La opaca cuatro T, no deja conocer los gastos de Noroña, Adán Augusto ni Monreal

Por. J. Jesús Lemus

El ejercicio del poder y la administración de los fondos públicos en el Poder Legislativo mexicano atraviesan por un periodo de profunda secrecía institucional. Pese al discurso recurrente que enarbola la austeridad y la transparencia como pilares de la gestión pública, la actuación contable y administrativa en ambas cámaras del Congreso de la Unión contradice estas banderas políticas.

Las bancadas mayoritarias y sus figuras más visibles han bloqueado sistemáticamente los mecanismos que permiten a la ciudadanía auditar el destino del dinero ejercido en sus actividades diarias, representando un retroceso sustancial respecto a los estándares de rendición de cuentas construidos en los últimos doce años.

En el Senado de la República se ha consolidado una parálisis informativa sin precedentes en la publicación de los costos correspondientes a viajes, viáticos, comisiones e infraestructura operativa.

La opacidad alcanzó un punto de inflexión con la determinación explícita del propio órgano legislativo de clasificar y reservar por un periodo de cinco años toda la información financiera, contable y contractual generada durante el ejercicio de Gerardo Fernández Noroña al frente de la Presidencia de la Mesa Directiva del Senado.

Esta medida impidió el acceso público a los expedientes relacionados con sus giras, traslados, eventos institucionales y contrataciones, bajo el argumento recurrente de no interferir en procedimientos de fiscalización en curso.

A la par, el manejo administrativo bajo la coordinación de Adán Augusto López Hernández ha derivado en la interrupción en el flujo de actualización de las obligaciones de transparencia.

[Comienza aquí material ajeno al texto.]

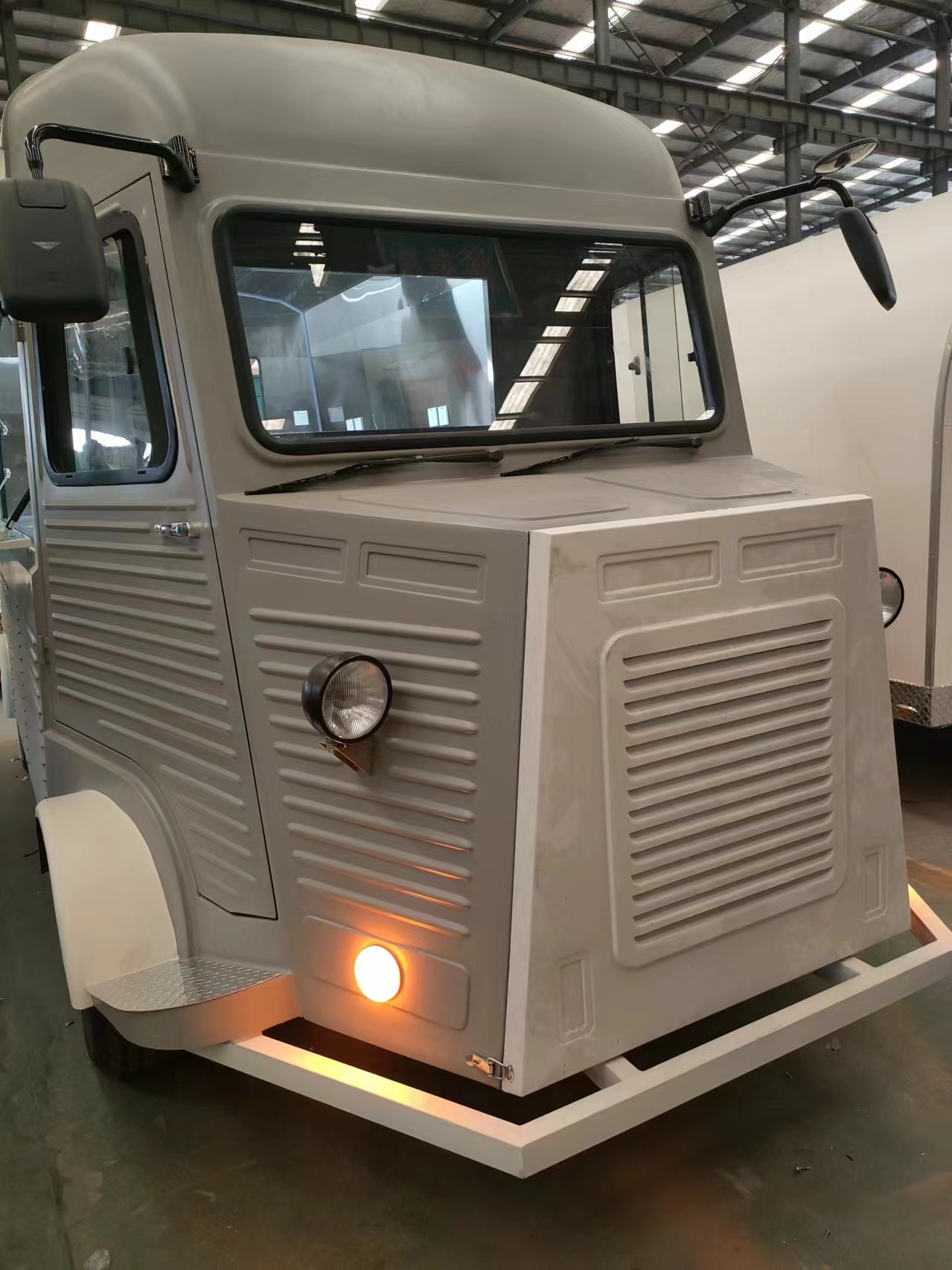 The gray and white two-tone dining car gives the delicious food a cool and refreshing atmosphere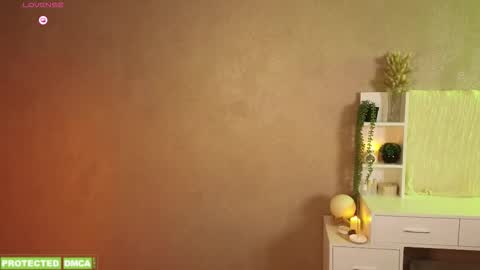 Tina. Im topless model  online show from 6, 1, 2026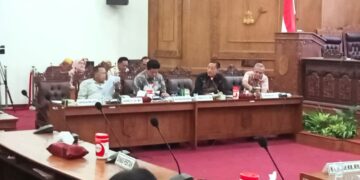Suwarno Minta Wacana Retribusi PKL di Pati Dievaluasi: Makan Sedikit Saja Dipajaki 13 Wakil Ketua Komisi A DPRD Pati Suwarno saat berpendapat dalam rapat paripurna pembahasan Raperda Perubahan Perda Retribusi dan Pajak Daerah, Senin, 11 Mei 2026. (Lingkarjateng.id)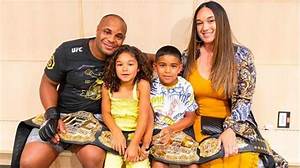 Salina Deleon – Daniel Cormier Wife, Age, Family, Wiki, Instagram Bio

Diversas investigaciones periodísticas sobre el portal del Senado revelan que desde mediados de dos mil veinticinco se detuvo la publicación trimestral de los desgloses de boletos de avión, asignaciones a comisiones y representación legislativa, borrando de la vista pública el monto final desembolsado en viajes nacionales e internacionales por parte de los senadores de la bancada oficialista.

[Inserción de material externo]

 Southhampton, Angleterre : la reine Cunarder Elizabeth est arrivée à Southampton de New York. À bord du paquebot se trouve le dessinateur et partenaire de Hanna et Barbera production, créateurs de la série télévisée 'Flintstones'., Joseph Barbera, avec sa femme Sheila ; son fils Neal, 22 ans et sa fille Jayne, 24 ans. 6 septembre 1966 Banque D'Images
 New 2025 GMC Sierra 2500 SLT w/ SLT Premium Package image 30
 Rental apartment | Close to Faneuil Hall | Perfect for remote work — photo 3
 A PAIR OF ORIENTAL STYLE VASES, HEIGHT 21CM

Una dinámica de discrecionalidad contable similar prevalece en la Cámara de Diputados respecto a los recursos financieros administrados por Ricardo Monreal Ávila como coordinador del grupo parlamentario de Morena.

En San Lázaro, el manejo del presupuesto se apoya en vacíos normativos históricos que regulan las denominadas subvenciones parlamentarias ordinarias y extraordinarias. Estos fondos, que ascienden a bolsas de cientos de millones de pesos entregadas directamente a la bancada mayoritaria, son ejercidos en la práctica de forma totalmente opaca, pues la legislación interna no exige la entrega pública de comprobantes fiscales ni la publicación detallada de facturas a través de la Plataforma Nacional de Transparencia.

Las erogaciones destinadas a tareas como asesoría técnica, apoyo a la gestión social, logística territorial e informes de labores de los diputados oficialistas permanecen blindadas sin que la sociedad o los órganos civiles de control fiscalización puedan conocer en qué ni cómo se gasta.

La disparidad entre la retórica de erradicación de privilegios y la opacidad sistemática exhibe un modelo de opacidad en el núcleo duro de los liderazgos parlamentarios del movimiento gobernante.

Mientras en las tribunas legislativas se promulga el principio de total apertura informativa hacia la población, en los hechos los mecanismos institucionales han servido para consolidar una protección contable que imposibilita el rastreo del gasto.

La reserva prolongada de expedientes, el desacato en la entrega periódica de informes de viaje y la discrecionalidad en las asignaciones presupuestales de las bancadas limitan el periodismo de investigación, debilitan el contrapeso ciudadano sobre el gasto del Congreso y perpetúan vicios de opacidad presupuestal en las finanzas de las instituciones parlamentarias mexicanas.